Será aceitável que os grupos económicos do setor da energia, das telecomunicações, praticamente não
tenham trabalhadores no quadro e subcontratem através de empresas de trabalho temporário os trabalhadores
que todos os dias lhes «amassam» os lucros, no apoio ao cliente, na faturação, no sistema de avarias, como
nos call center da EDP, onde existem trabalhadores nestas condições há mais de 25 anos?
Não, Srs. Deputados, não é aceitável e a opção por estas formas de precariedade têm apenas uma
justificação: pagar salários mais baixos e com menos direitos.
Sr. Presidente, Srs. Deputados, a precariedade não é de hoje nem de ontem, mas nos últimos anos conheceu
agravamentos inquestionáveis.
Um estudo, recentemente divulgado pelo Observatório sobre Crises e Alternativas do CES (Centro de
Estudos Sociais) e da Universidade de Coimbra, confirma o que os dados do INE e de outras fontes já vinham
apontando: a recuperação do emprego está a ser feita com uma maior generalização da precariedade.

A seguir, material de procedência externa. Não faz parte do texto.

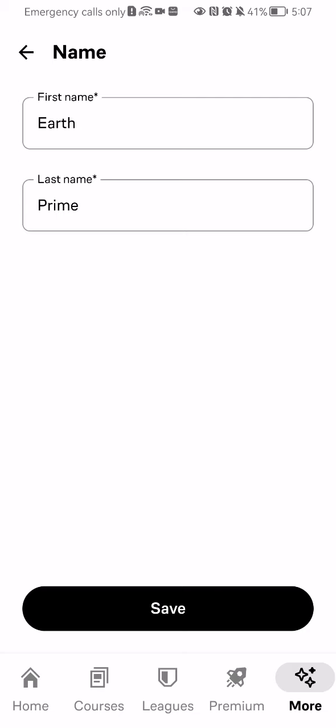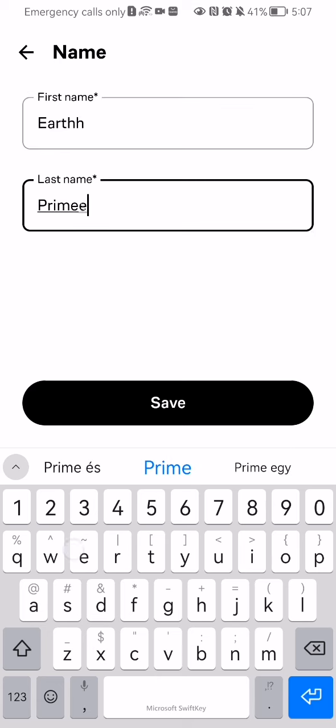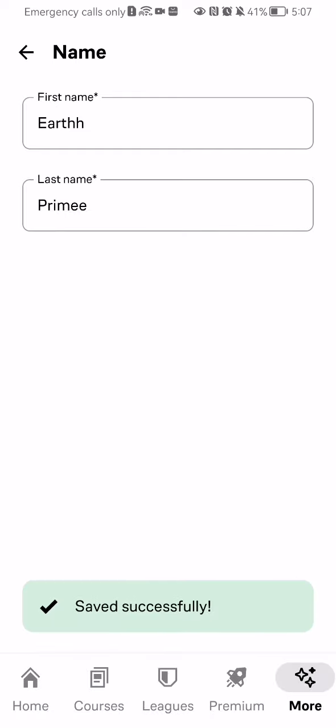Here for example you can edit your full name. As an example I'm just going to add one more letter of the last one and press save.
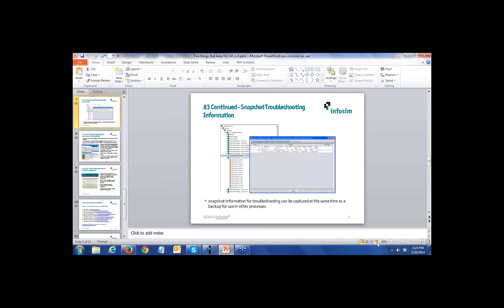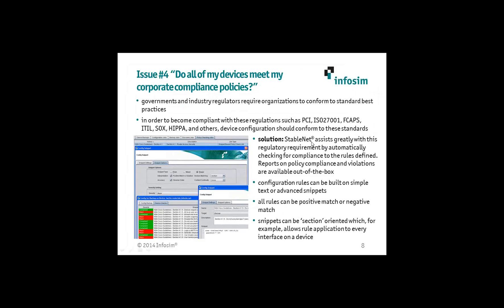Issue number four really gets to the heart of what we do with compliance — what we call policy checking. The question is: do all of my devices meet my corporate compliance policies? This could really keep you up at night, especially if auditors are knocking on your door, whether internal auditors or external auditors doing things like PCI checks, HIPAA, SOX, or whatever regulations your operations may be under. Most customers we deal with have either their own internal compliance policies or external compliance policies like HIPAA, SOX, or ITIL.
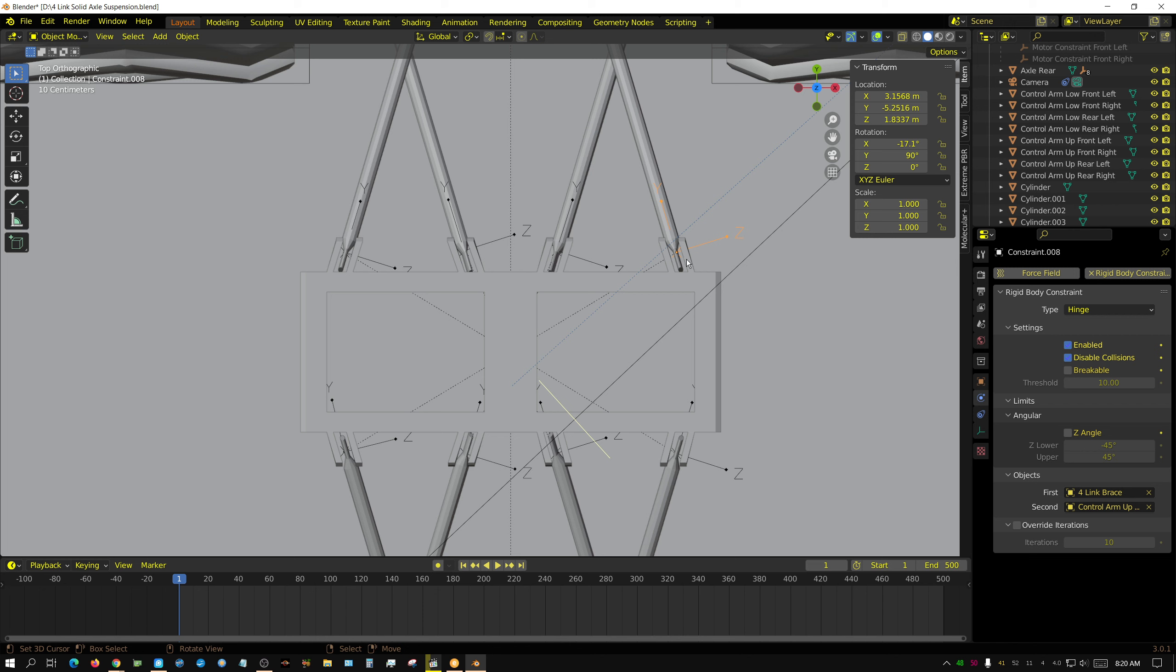But the biggest thing I changed so far is all these constraints right here which were point constraints. A point constraint can rotate on any axis essentially, it's just like a link I guess you could say.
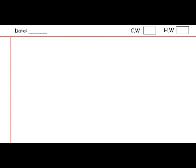Now open your notebooks. We have already started the written work on the notebooks. Write a date on the day when you are watching the video. Tick the CW box and start the work with me. Write the heading of 'Translation' on the first line just below the red line with your black pen.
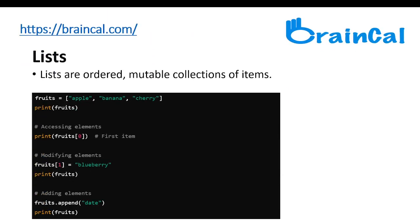Lists are ordered mutable collections of items and are used to store multiple items in a single variable. We can create a list of fruits as shown here: fruits equals apple, banana, and cherry — three fruits each in quotation marks. If we print the list name fruits, it will print apple, banana, and cherry.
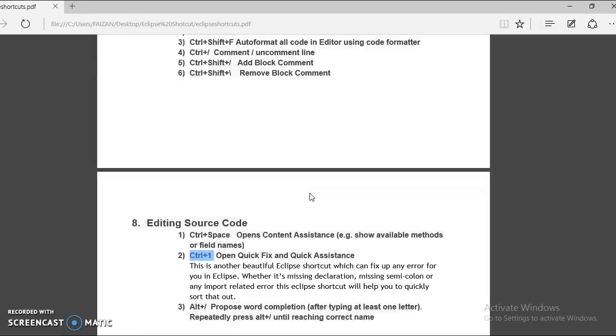So control plus one is one of the most important shortcuts in Eclipse and you can use it anywhere like to create a method signature, to fix a compilation error.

Apesar da criação do emprego não ser ainda suficiente para recuperar os valores anteriores a 2008, o peso
dos contratos sem termo a tempo inteiro nos novos contratos não chega a 20%, em 2015.

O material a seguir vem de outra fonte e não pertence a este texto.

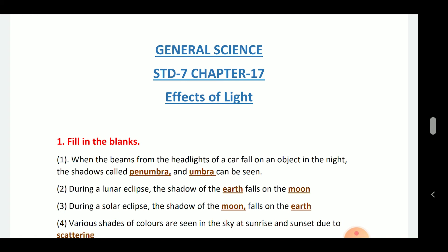The first question is fill in the blanks. When the beams from the headlights of a car fall on an object at night, the shadows called penumbra and umbra can be seen. During a lunar eclipse, the shadow of the earth falls on the moon. During a solar eclipse, the shadow of the moon falls on the earth.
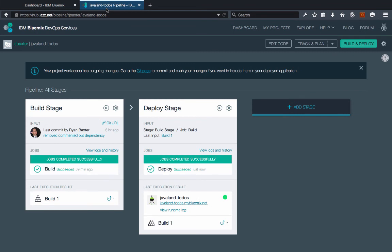And that's how easy it is to use IBM DevOps services to do your build and deploys of your Maven projects. Thanks for watching.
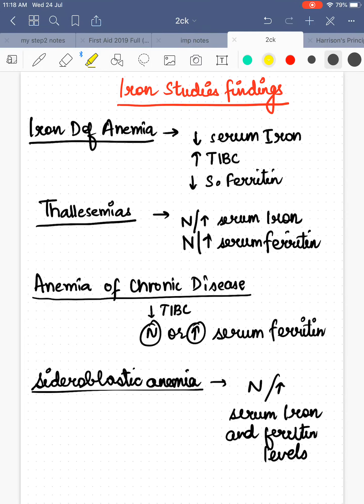Today's video is all about iron study findings — basically the differential diagnosis of hypochromic microcytic anemia, in which MCV is decreased and there are low hemoglobin levels. We'll memorize what iron findings are found in these different conditions.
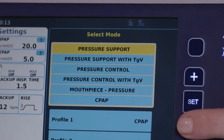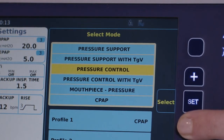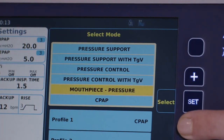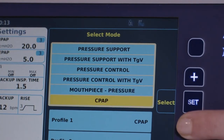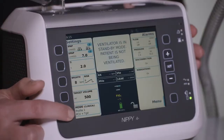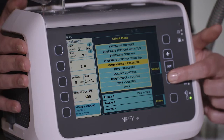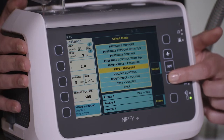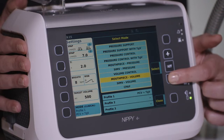When using the NIPI-4 you can select the following modes: pressure support, pressure support with target volume, pressure control, pressure control with target volume, mouthpiece pressure, and CPAP. The NIPI-4 Plus has the following additional modes: SIMV pressure, volume control, mouthpiece volume, and SIMV volume.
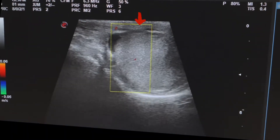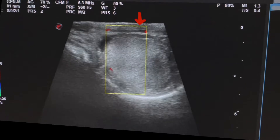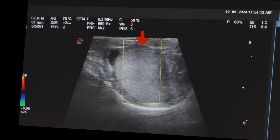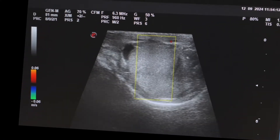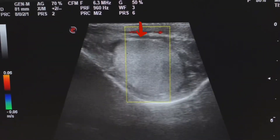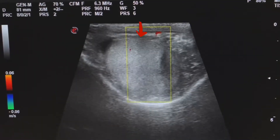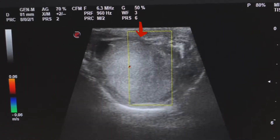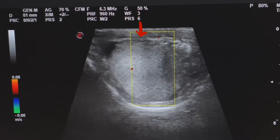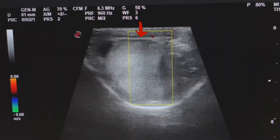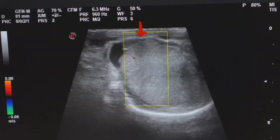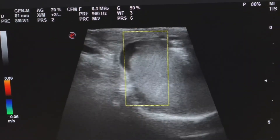On color Doppler, when the testes is normal there will be minimal flow. And when there is inflammation of the testes, we will see flow all over the testes.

Apesar de uma evolução positiva no último ano e meio, os contratos efetivos continuam a representar,
apenas, um terço das novas contratações. O restante corresponde a vários tipos de contratos precários e uma
parcela marginal a trabalhadores contratados a tempo parcial.
Do universo de contratos em vigor e que foram assinados depois de novembro de 2013, mais de metade são
precários, a termo certo 45% ou a termo incerto 18,4%.
Os dados sobre as remunerações mostram que os salários dos trabalhadores com contratos precários são,
em média, de 600 €, um valor que se aproxima mais do salário mínimo nacional quando se trata de trabalho
temporário.
Na verdade, Sr. Presidente, Srs. Deputados, pelas piores razões estes dados não são surpreendentes. Este
é o resultado de sucessivas alterações à legislação laboral. Pagar menos por mais trabalho e menos direitos foi
o verdadeiro objetivo de sucessivas alterações às leis laborais sempre feitas para pior, em particular da anterior
alteração promovida por PSD e CDS, em 2012.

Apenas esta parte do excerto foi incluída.